━━━━━ Data for analysis

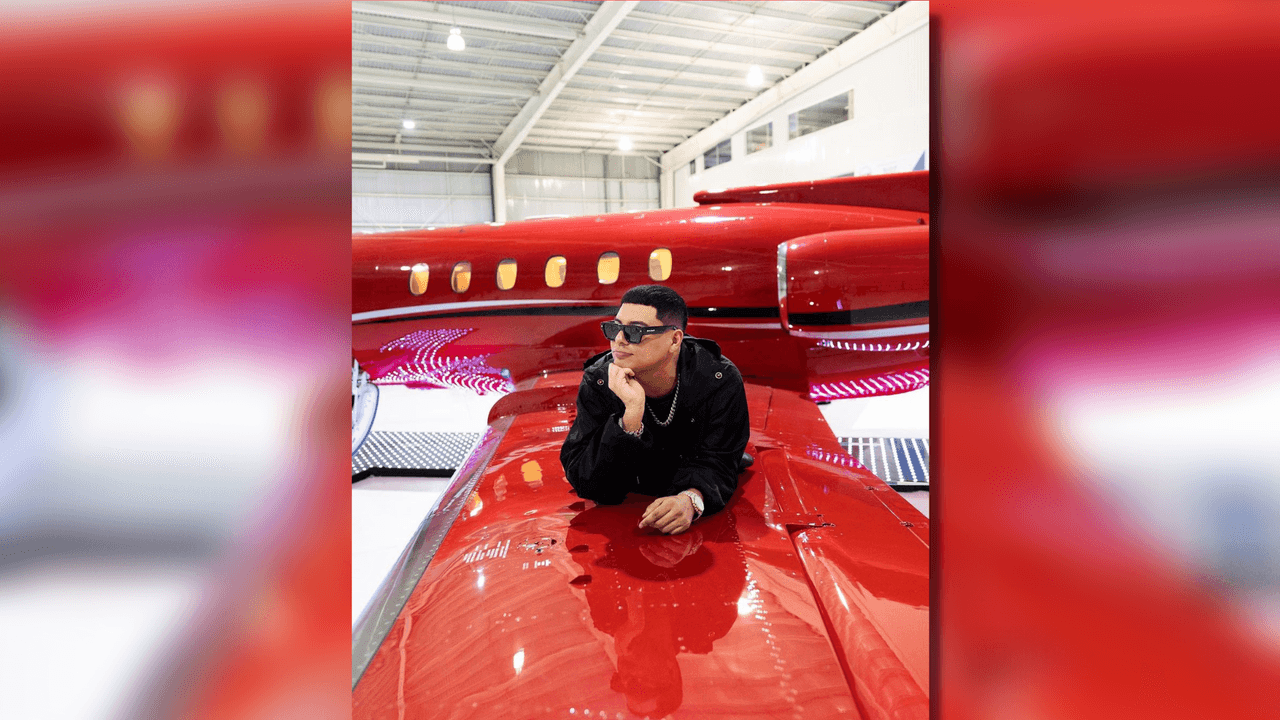 También lleva las iniciales XA, que usan los aviones de servicio al público de transporte aéreo, y las iniciales CAZ, que serían las de su apellido, Cazares.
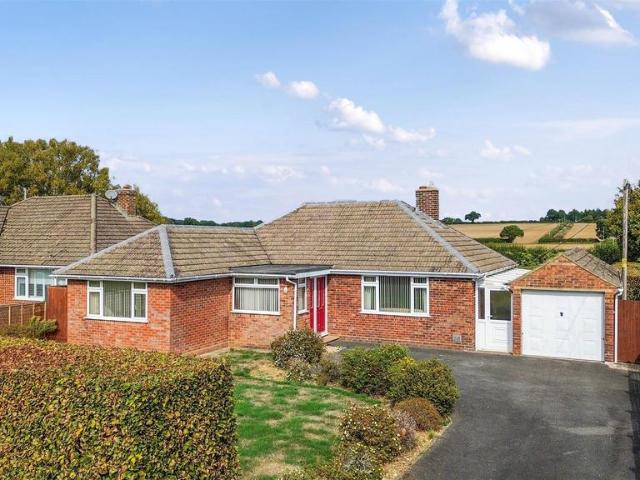 Bungalow for sale in East Oakley, Basingstoke and Deane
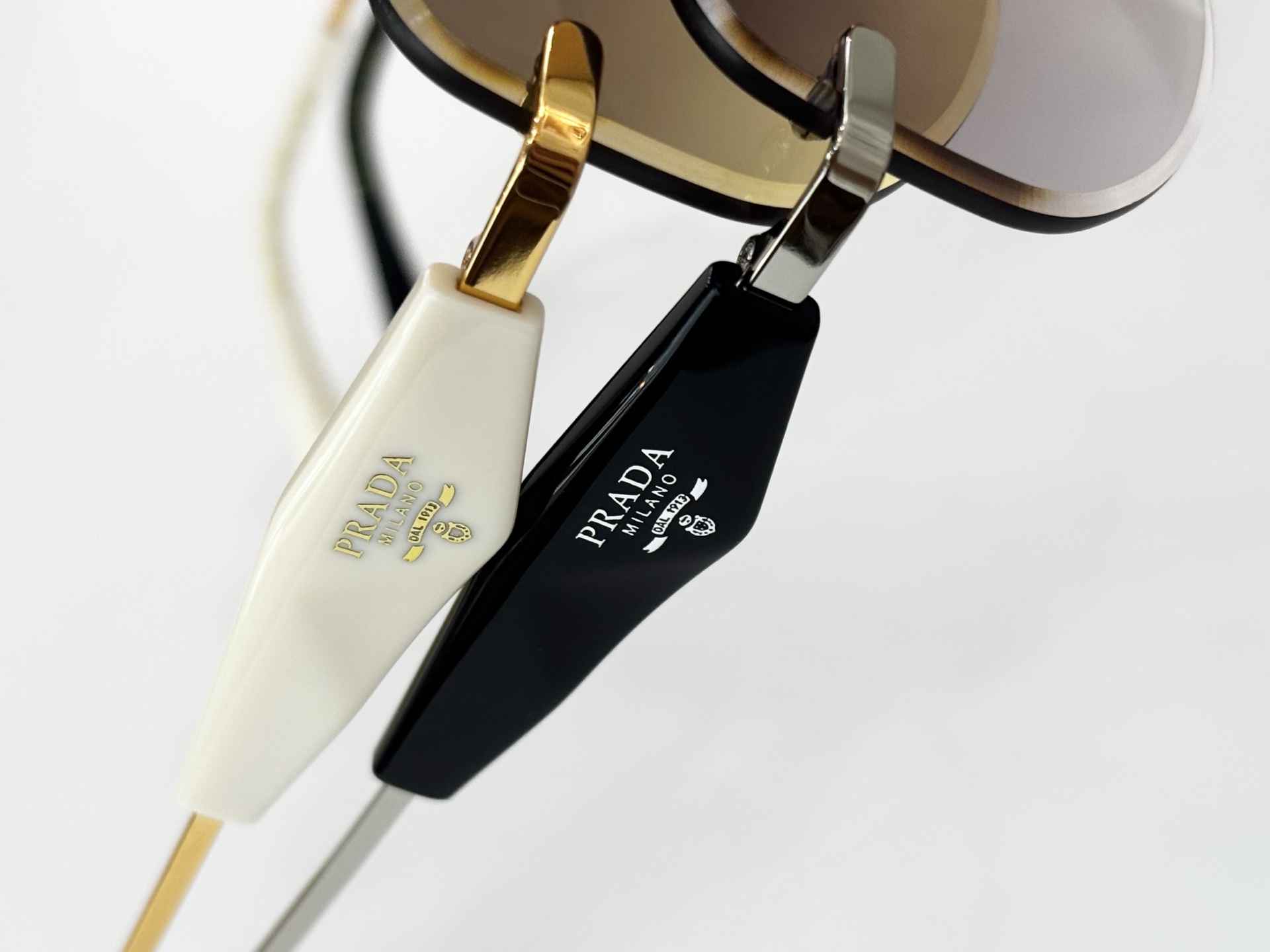 PRADAMOD：PR 211VSSize：58口18 145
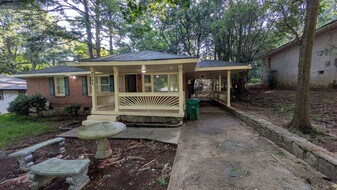 2068 E Lilac Ln in Decatur, GA - Building Photo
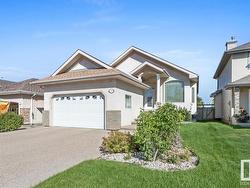 1119 LINCOLN CR NW  Edmonton, AB T6R 2Z3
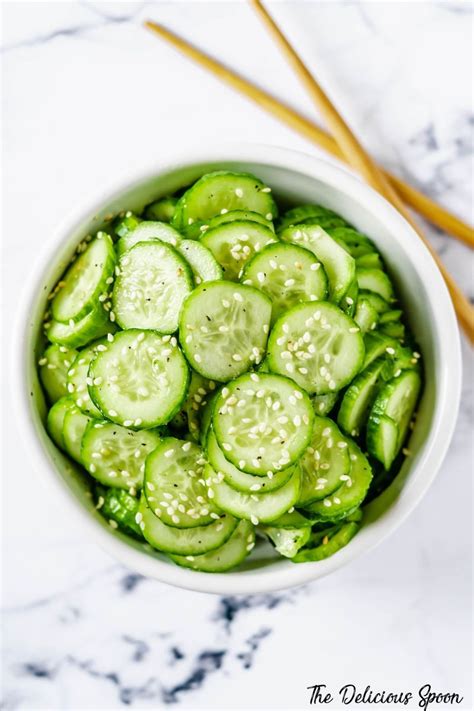 La cucina coreana oimuchim 오이무침 insalata di cetriolo so ok. Crispy sliced cucumbers in an Asian inspired vinaigrette ...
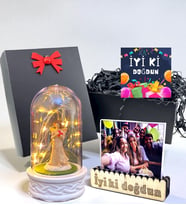 Sizlere Özel Doğum Günü Hediyesi Fotoğraflı Led Işıklı Biblolu Fanus - Hediye Kutusunda (Model 5)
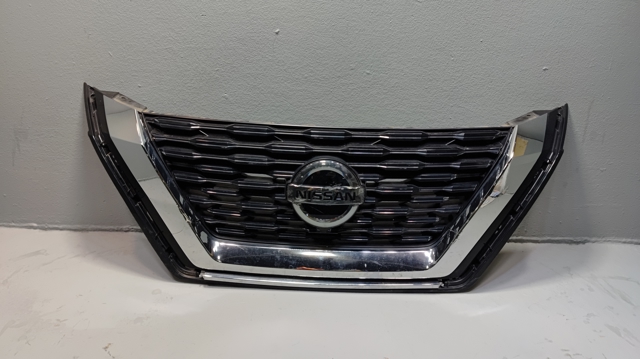 Решітка радіатора 623106RR0B NISSAN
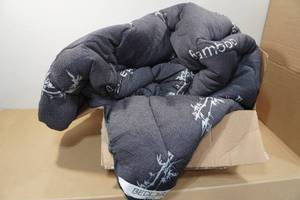 lot 53 image: Bedlore Bamboo King Mattress Topper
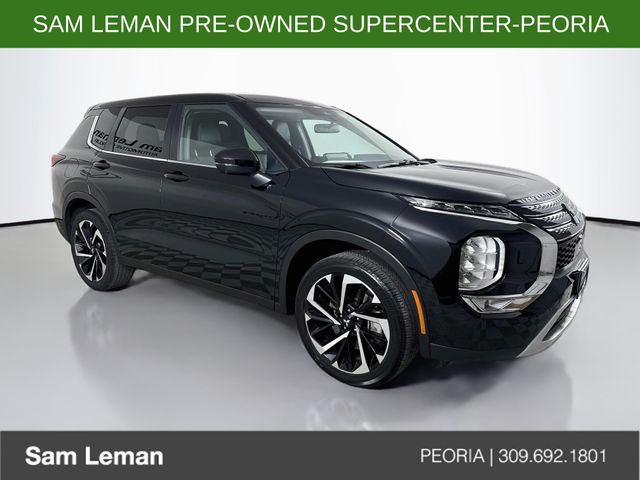 Labrador Black Pearl 2024 Mitsubishi Outlander SUV / Crossover All-Wheel Drive Continuously Variable Transmission
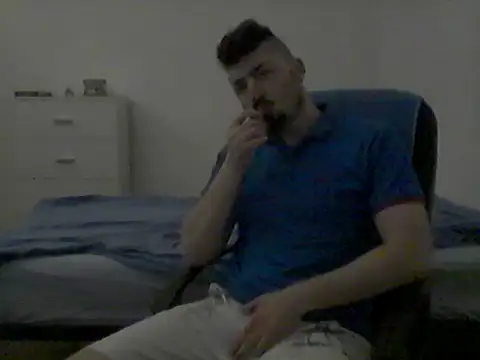 Snapshot of Hkl95555 chatting on September 29, 11:00 pm Hkl95555 online show from September 29, 11:00 pm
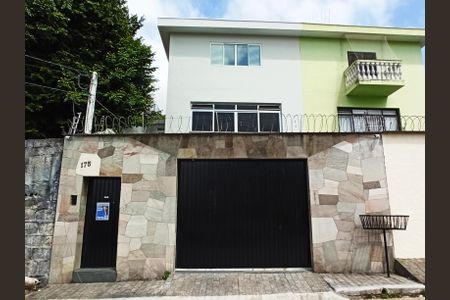 Casa para alugar com 224m², 4 quartos e 4 vagasFachada do Imóvel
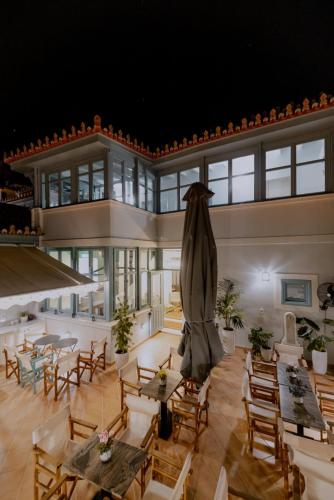 999 Luxury Hotel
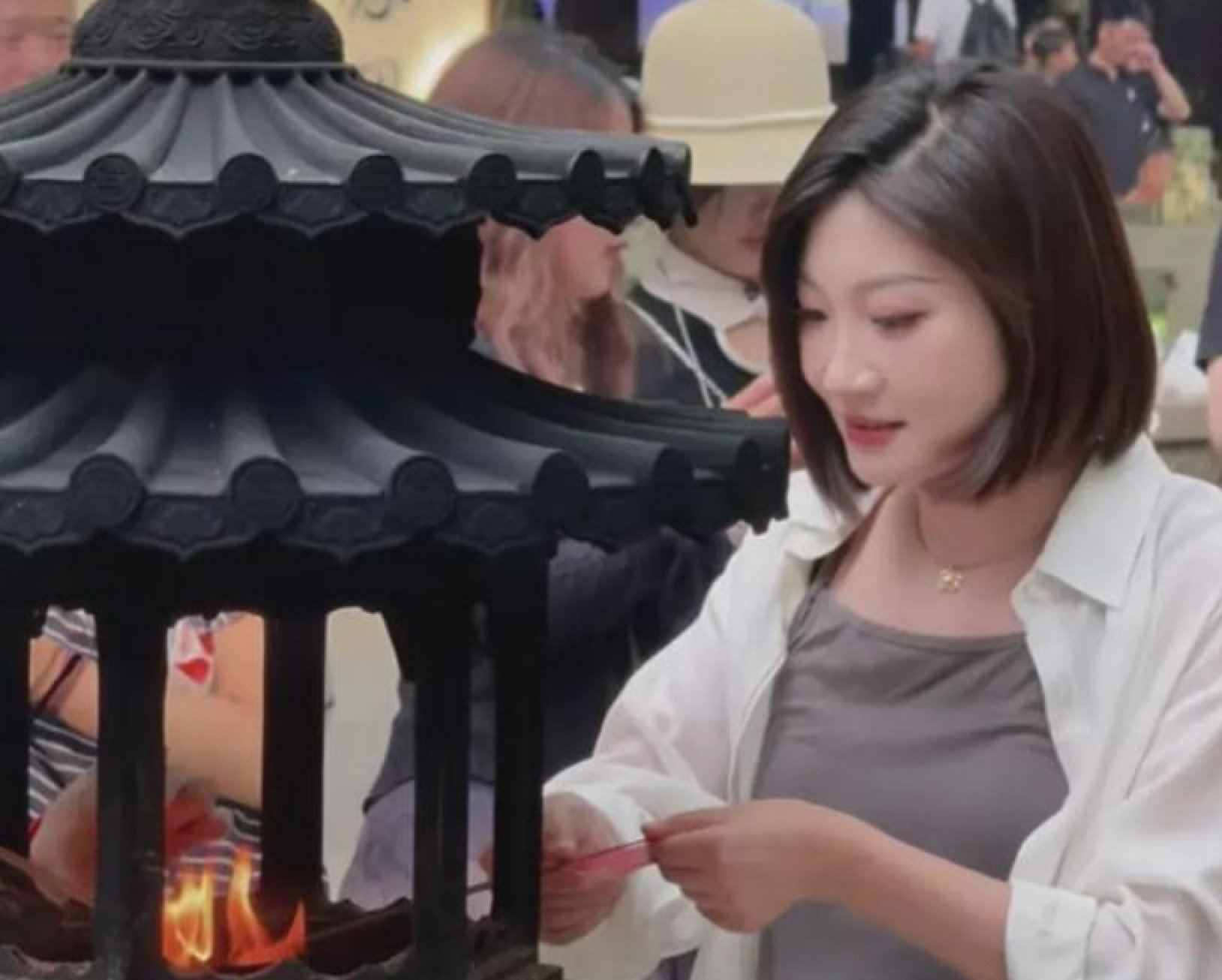 Wang makes offerings at a Buddhist temple, she has described her pregnancy as a “miracle”. Photo: cqnews.net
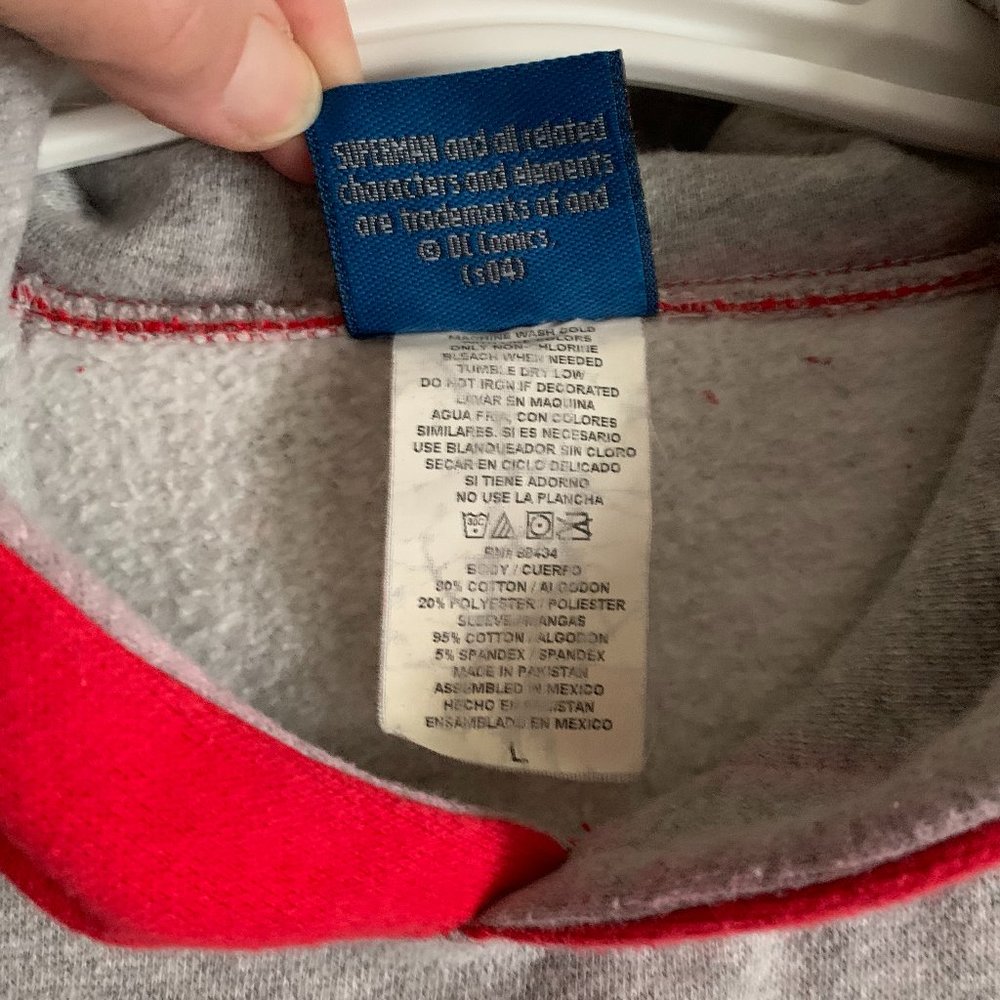 Boys Superman Pull-over Sweatshirt Hoodie ~ EUC - Picture 5 of 5
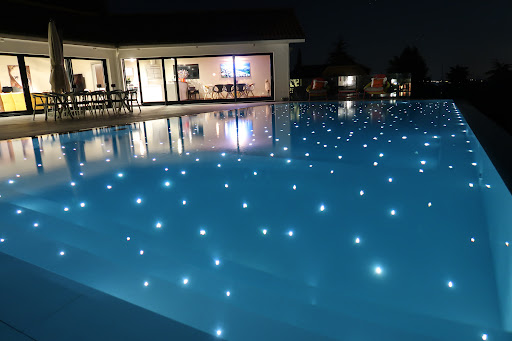 Photo de Pool & Light by Patrick Mazure à Nice (06000;06100;06200;06300)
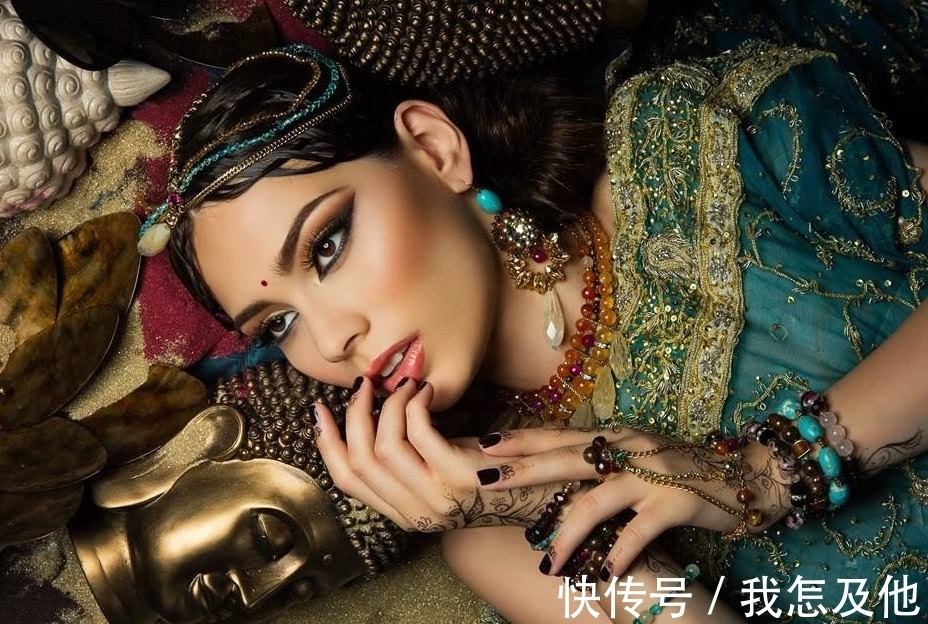 印度女性额头红点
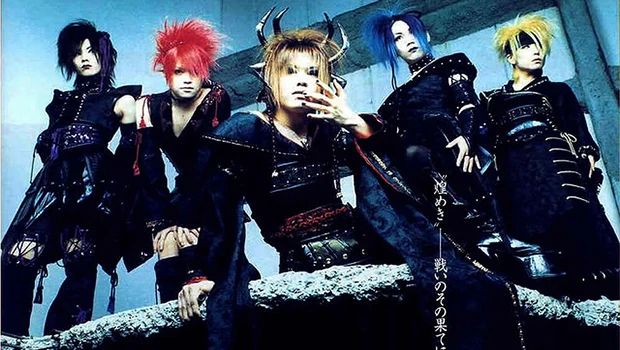 visual-kei-street-style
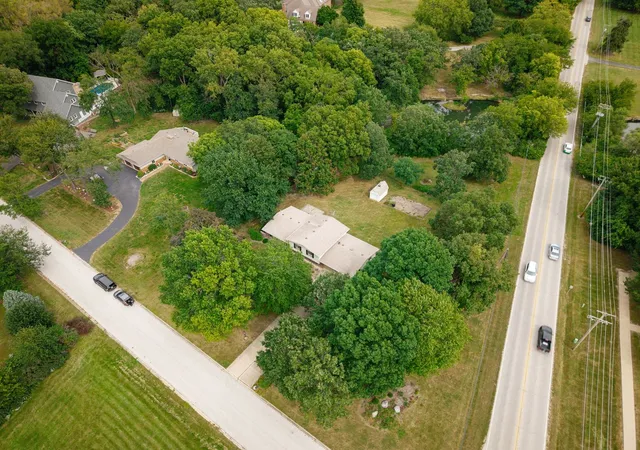 Photo 4 of Single family home for sale at 8 Hawthorne Dr, Oswego, IL 60543 | MLS# 12759542 | Listing updated on 2026-09-21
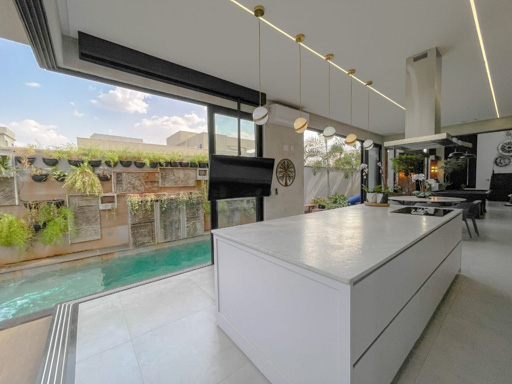 Sobrado Mobiliado 4 suítes no Portal do Sol Green em Goiânia-GO - Foto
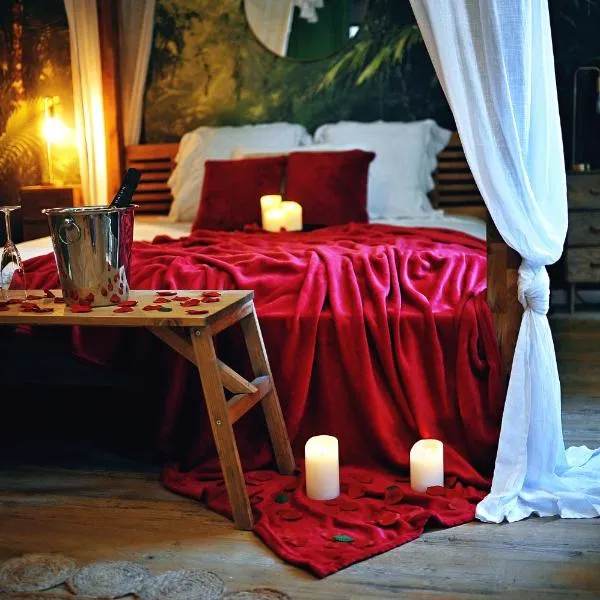 L'Evasion romantique en Amazonie, SPA, Écran cinéma, day use, Lit baldaquin，位于埃夫勒的酒店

━━━━━━━━━━

▸ **Exercise**:
All of the records need to be reproduced exactly, with each picture omitted.

▸ **Written answer**:
 También lleva las iniciales XA, que usan los aviones de servicio al público de transporte aéreo, y las iniciales CAZ, que serían las de su apellido, Cazares.
 Bungalow for sale in East Oakley, Basingstoke and Deane
 PRADAMOD：PR 211VSSize：58口18 145
 2068 E Lilac Ln in Decatur, GA - Building Photo
 1119 LINCOLN CR NW  Edmonton, AB T6R 2Z3
 La cucina coreana oimuchim 오이무침 insalata di cetriolo so ok. Crispy sliced cucumbers in an Asian inspired vinaigrette ...
 Sizlere Özel Doğum Günü Hediyesi Fotoğraflı Led Işıklı Biblolu Fanus - Hediye Kutusunda (Model 5)
 Решітка радіатора 623106RR0B NISSAN
 lot 53 image: Bedlore Bamboo King Mattress Topper
 Labrador Black Pearl 2024 Mitsubishi Outlander SUV / Crossover All-Wheel Drive Continuously Variable Transmission
 Snapshot of Hkl95555 chatting on September 29, 11:00 pm Hkl95555 online show from September 29, 11:00 pm
 Casa para alugar com 224m², 4 quartos e 4 vagasFachada do Imóvel
 999 Luxury Hotel
 Wang makes offerings at a Buddhist temple, she has described her pregnancy as a “miracle”. Photo: cqnews.net
 Boys Superman Pull-over Sweatshirt Hoodie ~ EUC - Picture 5 of 5
 Photo de Pool & Light by Patrick Mazure à Nice (06000;06100;06200;06300)
 印度女性额头红点
 visual-kei-street-style
 Photo 4 of Single family home for sale at 8 Hawthorne Dr, Oswego, IL 60543 | MLS# 12759542 | Listing updated on 2026-09-21
 Sobrado Mobiliado 4 suítes no Portal do Sol Green em Goiânia-GO - Foto
 L'Evasion romantique en Amazonie, SPA, Écran cinéma, day use, Lit baldaquin，位于埃夫勒的酒店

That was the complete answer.